Jonathan lay there as the machine sent sound waves through his body and captured them again to form images of his internal organs – he remembered having it explained to him when Tracy was pregnant. It was really quite clever machinery, he thought. But why were they looking at his
bladder when it was his kidney he'd bumped? The darkness of the room and the quiet noises of the machine were soporific. His mind floated back to his home, the award ceremony last night, his mother-and father-in-law, who were minding the girls. He recalled giving his speech and wondered whether he had done well. The radiographer pushed some knobs on the front of the ultrasound machine. Then, with her left hand she moved the ultrasound gadget directly over his pubic bone while twirling knobs on the machine with her right. It was like watching a conductor controlling an orchestra.

The door to the room was flung open, snapping Jonathan out of his reverie. He quickly tried to find something to cover himself with, as an old man wearing spectacles entered the room. He ignored Jonathan and directed his gaze straight to the ultrasound monitor.

‘What have you got so far?' the man asked.

‘His kidneys seem to be OK, doctor. I'm just doing the bladder now. Uh-oh. What do you think that is?'

‘Go back over the right lateral area again for me,' the doctor directed.

‘Over here?' she said.

‘Yeah, that's the interesting bit. Yes, it's definite. Take a picture of that. Make sure there's nothing else on the left as well.' The doctor turned to leave.

Jonathan could stand it no longer. ‘What can you see?' he asked. ‘Is there something I should know?'

‘Don't worry. We'll send the report down to the doctor in Emergency, and they can sort it out there. Just relax. Enjoy the attention.' The old man was gone.

‘Who was that?' Jonathan asked.

‘Chief radiologist on duty,' said the young woman, her eyes still firmly on the screen. Every now and then, she would press a switch with her foot and he would hear a high-pitched ping. Each ping signalled the capture of a picture, a small part of the overall jigsaw.

About an hour later, Jonathan was back in the Emergency department; he asked a nurse if Tracy could come in and sit with him. When the nurse returned from the waiting room, she said, ‘There's no one out there called Tracy.'

‘She must have gone home to the kids. Can I use a phone, please? Tracy has my wallet, and I don't have any change for the phone.'

‘Yeah. Just wait a moment and I'll see if I can bring you the cordless.'

An hour later, there was still no phone, but the doctor in red reappeared. ‘Look, we have all your results now. You have something in the bladder. Maybe tumour, maybe stone. I spoke to the Urology registrar, Dr Khadra. He's going to come down and see you. He's just finishing a case in theatres and will be here after that.' With that, she was out of the cubicle.

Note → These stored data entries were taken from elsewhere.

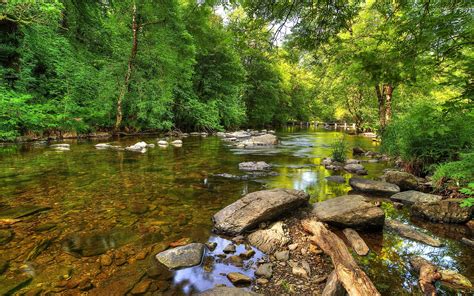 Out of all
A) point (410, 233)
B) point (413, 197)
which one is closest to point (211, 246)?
point (410, 233)

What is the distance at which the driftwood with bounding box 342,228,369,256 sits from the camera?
11.8 ft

It had been over 30 hours since I had arrived at the hospital to begin my shift, and Jonathan was my last patient before I could go home, assuming no others came in. The old aphorism of ‘knife before wife before life' had been drilled into me well. There was no question of my asking for time off on the grounds that I hadn't slept for a couple of days. My super vising specialist would have simply laughed as my career disappeared down the plughole.

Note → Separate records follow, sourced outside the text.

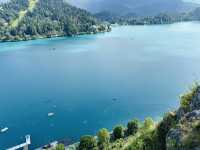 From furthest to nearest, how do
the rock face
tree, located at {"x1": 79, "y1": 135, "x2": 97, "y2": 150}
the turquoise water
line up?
1. the turquoise water
2. tree, located at {"x1": 79, "y1": 135, "x2": 97, "y2": 150}
3. the rock face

One of the surgeons had visited the British Surgical Meeting earlier that year and had come back with news of a growing push in the UK for safe working hours among doctors. The surgeon was brave enough to report this to the main weekly meeting of doctors at the hospital, Grand Rounds. The meeting had erupted with laughter and derision. The pain in my back and legs was suddenly telling me that maybe safe working hours were not such a bad idea. However, I would never have voiced that to anyone lest I lose my job or be thought of as lazy or soft. General practitioners and dermatologists can opt for lifestyle, not surgeons. Surgeons surge and physicians fizz. Safe working hours, what a joke. They will never implement or allow it, I thought. I turned my attention back to the patient at hand.